Segment Open

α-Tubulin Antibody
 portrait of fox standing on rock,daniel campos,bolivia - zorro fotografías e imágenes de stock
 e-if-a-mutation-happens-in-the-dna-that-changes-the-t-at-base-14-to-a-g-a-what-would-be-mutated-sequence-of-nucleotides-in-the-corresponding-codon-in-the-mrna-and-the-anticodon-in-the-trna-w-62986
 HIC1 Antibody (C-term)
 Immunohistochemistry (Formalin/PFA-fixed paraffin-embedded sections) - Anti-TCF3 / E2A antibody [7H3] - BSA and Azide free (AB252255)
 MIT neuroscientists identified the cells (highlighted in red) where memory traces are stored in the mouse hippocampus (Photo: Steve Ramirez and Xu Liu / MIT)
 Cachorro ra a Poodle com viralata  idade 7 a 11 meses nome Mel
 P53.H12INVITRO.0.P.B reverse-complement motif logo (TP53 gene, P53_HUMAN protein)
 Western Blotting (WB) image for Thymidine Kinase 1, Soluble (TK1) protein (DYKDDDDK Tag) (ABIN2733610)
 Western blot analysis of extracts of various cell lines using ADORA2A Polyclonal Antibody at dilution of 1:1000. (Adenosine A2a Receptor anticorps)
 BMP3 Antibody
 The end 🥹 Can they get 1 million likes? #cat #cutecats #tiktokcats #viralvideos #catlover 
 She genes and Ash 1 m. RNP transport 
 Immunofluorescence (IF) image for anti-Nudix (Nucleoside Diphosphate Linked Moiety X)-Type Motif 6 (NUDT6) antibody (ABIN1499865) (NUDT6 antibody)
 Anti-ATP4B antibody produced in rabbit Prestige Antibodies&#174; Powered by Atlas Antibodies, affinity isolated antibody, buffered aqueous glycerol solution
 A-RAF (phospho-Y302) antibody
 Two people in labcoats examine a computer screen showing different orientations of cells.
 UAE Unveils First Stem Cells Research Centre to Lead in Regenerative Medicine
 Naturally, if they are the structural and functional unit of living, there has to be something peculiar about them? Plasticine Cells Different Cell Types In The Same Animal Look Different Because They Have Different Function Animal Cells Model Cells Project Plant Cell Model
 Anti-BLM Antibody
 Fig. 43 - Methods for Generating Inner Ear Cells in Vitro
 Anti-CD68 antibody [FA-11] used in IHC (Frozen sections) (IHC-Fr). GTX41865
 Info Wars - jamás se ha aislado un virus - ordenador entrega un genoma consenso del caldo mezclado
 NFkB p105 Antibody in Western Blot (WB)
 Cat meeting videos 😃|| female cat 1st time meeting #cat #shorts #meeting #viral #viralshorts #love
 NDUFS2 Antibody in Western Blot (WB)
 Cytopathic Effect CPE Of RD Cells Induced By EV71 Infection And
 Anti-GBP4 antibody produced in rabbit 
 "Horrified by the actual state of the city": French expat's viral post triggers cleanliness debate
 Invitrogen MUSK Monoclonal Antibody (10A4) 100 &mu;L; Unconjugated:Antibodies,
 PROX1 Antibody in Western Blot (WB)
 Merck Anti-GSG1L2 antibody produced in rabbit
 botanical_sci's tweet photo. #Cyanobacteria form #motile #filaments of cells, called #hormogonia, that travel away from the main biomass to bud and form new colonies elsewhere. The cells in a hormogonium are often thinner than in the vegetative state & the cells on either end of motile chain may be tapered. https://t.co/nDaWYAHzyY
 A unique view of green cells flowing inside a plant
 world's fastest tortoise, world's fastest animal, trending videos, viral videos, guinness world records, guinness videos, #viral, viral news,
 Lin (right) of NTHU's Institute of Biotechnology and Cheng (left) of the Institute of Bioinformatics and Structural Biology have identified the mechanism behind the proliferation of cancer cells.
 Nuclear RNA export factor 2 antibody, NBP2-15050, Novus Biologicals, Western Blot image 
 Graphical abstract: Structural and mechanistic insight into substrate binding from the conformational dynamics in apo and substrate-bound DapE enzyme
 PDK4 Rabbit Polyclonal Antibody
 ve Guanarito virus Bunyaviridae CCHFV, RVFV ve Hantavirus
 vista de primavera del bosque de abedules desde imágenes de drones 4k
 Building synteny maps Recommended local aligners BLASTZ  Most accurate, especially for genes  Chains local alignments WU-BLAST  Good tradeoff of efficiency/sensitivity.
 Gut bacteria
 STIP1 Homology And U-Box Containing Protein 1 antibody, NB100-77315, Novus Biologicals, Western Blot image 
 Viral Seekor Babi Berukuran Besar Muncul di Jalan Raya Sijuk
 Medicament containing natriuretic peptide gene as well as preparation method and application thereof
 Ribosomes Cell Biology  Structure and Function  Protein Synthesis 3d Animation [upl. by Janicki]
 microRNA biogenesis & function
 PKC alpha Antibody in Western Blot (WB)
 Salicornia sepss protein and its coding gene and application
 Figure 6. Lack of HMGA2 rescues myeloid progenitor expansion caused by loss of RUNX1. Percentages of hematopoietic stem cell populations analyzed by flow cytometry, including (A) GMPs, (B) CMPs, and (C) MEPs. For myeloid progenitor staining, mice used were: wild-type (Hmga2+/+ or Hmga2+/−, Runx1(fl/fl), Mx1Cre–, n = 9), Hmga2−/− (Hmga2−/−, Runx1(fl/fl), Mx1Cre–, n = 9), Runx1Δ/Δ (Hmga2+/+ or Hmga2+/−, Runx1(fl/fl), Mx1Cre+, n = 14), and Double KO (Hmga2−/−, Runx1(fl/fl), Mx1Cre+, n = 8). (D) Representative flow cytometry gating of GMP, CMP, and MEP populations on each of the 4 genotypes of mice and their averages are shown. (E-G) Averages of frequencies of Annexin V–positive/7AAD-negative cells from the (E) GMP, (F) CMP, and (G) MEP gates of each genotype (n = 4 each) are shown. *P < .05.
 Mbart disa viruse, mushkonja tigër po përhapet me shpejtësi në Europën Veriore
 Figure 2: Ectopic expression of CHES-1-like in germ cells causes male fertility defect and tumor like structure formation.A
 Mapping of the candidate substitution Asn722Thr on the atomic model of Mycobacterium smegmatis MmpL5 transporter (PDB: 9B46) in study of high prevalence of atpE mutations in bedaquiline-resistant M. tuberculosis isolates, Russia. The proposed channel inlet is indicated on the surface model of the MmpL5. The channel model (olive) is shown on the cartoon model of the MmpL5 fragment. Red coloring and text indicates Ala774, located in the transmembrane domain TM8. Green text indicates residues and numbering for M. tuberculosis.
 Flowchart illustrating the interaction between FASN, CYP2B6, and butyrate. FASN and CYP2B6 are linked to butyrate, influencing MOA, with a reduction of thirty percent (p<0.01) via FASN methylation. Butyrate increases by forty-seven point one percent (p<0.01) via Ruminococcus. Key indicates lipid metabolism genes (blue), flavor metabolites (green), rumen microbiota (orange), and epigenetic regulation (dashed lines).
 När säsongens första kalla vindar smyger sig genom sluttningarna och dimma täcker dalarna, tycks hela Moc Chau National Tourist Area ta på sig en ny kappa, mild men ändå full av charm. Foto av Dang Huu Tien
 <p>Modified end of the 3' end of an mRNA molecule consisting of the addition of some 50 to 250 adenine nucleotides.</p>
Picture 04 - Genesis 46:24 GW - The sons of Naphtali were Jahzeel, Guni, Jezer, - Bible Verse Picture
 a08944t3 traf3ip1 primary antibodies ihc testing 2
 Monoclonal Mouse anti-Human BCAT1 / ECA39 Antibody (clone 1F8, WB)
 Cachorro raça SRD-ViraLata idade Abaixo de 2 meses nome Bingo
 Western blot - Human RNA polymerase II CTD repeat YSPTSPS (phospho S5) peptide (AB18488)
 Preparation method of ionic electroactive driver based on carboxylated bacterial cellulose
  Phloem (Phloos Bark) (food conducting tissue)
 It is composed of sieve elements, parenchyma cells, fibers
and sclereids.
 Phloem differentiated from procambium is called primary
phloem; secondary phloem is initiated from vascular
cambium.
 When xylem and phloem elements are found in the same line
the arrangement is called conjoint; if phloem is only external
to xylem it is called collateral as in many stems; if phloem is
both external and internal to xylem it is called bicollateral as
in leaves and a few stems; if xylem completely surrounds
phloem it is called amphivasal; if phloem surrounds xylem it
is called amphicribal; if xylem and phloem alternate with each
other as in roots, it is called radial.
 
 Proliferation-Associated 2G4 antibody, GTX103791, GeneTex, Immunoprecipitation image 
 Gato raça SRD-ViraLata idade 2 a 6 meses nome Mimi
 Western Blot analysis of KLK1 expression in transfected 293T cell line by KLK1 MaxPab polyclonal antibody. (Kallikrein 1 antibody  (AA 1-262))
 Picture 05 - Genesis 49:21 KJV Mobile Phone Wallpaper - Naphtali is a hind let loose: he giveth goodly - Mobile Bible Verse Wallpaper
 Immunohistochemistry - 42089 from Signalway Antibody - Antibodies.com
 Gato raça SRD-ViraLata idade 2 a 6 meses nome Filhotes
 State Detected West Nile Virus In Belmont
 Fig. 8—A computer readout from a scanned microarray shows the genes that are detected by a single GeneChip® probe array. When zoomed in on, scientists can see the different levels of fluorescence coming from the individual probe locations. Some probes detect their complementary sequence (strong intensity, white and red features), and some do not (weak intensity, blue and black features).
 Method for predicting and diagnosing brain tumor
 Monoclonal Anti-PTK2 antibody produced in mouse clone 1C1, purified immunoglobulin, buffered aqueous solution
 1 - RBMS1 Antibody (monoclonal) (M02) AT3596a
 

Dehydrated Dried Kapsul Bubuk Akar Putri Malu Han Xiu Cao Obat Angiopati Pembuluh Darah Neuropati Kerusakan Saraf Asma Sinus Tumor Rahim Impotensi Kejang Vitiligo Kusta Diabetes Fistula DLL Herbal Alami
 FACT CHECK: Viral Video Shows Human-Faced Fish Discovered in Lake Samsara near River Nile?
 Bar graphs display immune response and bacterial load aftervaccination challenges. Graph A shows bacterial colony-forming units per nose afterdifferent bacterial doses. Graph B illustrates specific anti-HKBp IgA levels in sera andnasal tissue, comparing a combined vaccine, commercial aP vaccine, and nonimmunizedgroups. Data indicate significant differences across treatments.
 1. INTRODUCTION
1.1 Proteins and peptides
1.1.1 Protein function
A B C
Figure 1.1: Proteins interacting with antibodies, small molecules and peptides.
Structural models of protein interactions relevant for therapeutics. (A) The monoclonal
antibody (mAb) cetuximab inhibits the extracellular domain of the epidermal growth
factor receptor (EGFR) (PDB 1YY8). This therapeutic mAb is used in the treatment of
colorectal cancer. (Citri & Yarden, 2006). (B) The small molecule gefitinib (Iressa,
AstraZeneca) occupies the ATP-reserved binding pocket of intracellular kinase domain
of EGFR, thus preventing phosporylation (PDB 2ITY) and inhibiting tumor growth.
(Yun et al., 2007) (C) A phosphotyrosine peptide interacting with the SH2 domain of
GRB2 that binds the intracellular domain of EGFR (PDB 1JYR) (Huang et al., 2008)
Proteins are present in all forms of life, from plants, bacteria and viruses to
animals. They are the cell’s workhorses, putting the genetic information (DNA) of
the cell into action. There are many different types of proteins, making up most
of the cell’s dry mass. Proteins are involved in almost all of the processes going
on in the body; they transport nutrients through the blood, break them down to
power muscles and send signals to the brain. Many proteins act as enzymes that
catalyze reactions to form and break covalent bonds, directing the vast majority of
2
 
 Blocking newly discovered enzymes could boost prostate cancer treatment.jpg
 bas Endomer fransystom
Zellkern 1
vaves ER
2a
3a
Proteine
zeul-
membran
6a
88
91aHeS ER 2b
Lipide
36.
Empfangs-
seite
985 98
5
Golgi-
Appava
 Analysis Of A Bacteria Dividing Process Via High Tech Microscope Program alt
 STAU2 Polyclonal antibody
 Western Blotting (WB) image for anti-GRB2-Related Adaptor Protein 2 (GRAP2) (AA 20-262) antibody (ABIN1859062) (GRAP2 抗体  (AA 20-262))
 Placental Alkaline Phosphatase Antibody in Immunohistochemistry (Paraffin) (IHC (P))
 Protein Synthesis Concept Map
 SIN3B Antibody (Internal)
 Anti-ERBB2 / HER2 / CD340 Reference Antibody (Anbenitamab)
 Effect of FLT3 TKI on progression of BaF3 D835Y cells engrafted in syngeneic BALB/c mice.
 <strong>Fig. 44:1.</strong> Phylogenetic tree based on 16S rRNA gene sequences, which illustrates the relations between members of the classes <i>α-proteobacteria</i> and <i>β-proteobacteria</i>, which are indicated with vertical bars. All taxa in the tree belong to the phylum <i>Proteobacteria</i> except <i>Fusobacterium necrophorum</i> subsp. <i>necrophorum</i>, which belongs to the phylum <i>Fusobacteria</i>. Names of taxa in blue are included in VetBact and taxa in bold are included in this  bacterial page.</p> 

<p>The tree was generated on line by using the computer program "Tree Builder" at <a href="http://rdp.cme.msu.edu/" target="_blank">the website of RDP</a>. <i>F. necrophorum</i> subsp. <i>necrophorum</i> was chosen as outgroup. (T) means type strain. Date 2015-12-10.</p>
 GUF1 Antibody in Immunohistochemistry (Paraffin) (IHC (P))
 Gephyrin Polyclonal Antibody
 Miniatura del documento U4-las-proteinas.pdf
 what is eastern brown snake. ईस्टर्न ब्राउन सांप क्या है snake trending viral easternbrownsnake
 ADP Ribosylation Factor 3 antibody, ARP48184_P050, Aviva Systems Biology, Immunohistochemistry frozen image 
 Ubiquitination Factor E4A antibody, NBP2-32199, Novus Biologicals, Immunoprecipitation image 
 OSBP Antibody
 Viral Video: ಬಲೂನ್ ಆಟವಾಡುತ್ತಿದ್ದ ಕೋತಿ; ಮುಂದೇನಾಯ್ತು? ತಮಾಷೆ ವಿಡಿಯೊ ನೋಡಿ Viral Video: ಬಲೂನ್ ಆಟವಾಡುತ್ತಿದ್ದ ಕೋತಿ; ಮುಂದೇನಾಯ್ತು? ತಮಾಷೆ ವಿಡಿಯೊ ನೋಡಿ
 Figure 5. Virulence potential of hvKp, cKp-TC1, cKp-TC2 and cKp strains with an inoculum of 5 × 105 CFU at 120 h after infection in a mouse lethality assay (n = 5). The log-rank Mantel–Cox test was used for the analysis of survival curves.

Segment Closed

Your instructions >>
Given the records above, restate word for word only the lines starting at the one with "Analysis Of A" and ending at the one with "<p>The tree was".

Answer area >>
 Analysis Of A Bacteria Dividing Process Via High Tech Microscope Program alt
 STAU2 Polyclonal antibody
 Western Blotting (WB) image for anti-GRB2-Related Adaptor Protein 2 (GRAP2) (AA 20-262) antibody (ABIN1859062) (GRAP2 抗体  (AA 20-262))
 Placental Alkaline Phosphatase Antibody in Immunohistochemistry (Paraffin) (IHC (P))
 Protein Synthesis Concept Map
 SIN3B Antibody (Internal)
 Anti-ERBB2 / HER2 / CD340 Reference Antibody (Anbenitamab)
 Effect of FLT3 TKI on progression of BaF3 D835Y cells engrafted in syngeneic BALB/c mice.
 <strong>Fig. 44:1.</strong> Phylogenetic tree based on 16S rRNA gene sequences, which illustrates the relations between members of the classes <i>α-proteobacteria</i> and <i>β-proteobacteria</i>, which are indicated with vertical bars. All taxa in the tree belong to the phylum <i>Proteobacteria</i> except <i>Fusobacterium necrophorum</i> subsp. <i>necrophorum</i>, which belongs to the phylum <i>Fusobacteria</i>. Names of taxa in blue are included in VetBact and taxa in bold are included in this  bacterial page.</p> 

<p>The tree was generated on line by using the computer program "Tree Builder" at <a href="http://rdp.cme.msu.edu/" target="_blank">the website of RDP</a>. <i>F. necrophorum</i> subsp. <i>necrophorum</i> was chosen as outgroup. (T) means type strain. Date 2015-12-10.</p>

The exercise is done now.